Material for this task:
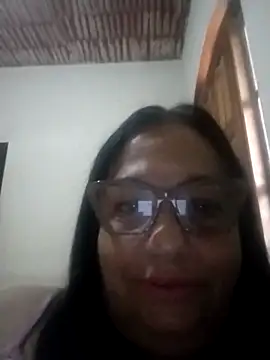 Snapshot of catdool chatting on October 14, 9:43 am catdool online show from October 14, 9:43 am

==

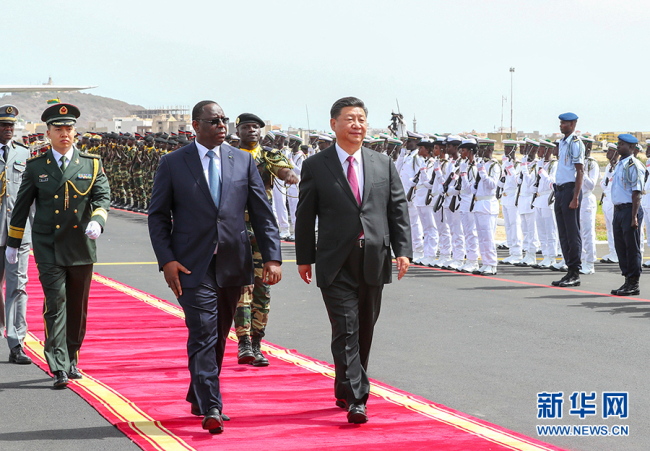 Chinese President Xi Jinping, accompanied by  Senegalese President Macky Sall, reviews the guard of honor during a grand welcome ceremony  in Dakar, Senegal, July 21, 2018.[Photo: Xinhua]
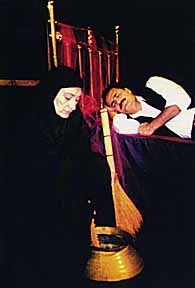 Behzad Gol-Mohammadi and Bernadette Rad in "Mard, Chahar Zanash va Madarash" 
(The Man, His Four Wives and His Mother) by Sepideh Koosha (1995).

Activity:
Write out again exactly the lines above from the one with "Chinese President Xi" through the one with "Behzad Gol-Mohammadi and", adding no other lines and no pictures.

Solution to this exercise:
 Chinese President Xi Jinping, accompanied by  Senegalese President Macky Sall, reviews the guard of honor during a grand welcome ceremony  in Dakar, Senegal, July 21, 2018.[Photo: Xinhua]
 Behzad Gol-Mohammadi and Bernadette Rad in "Mard, Chahar Zanash va Madarash" 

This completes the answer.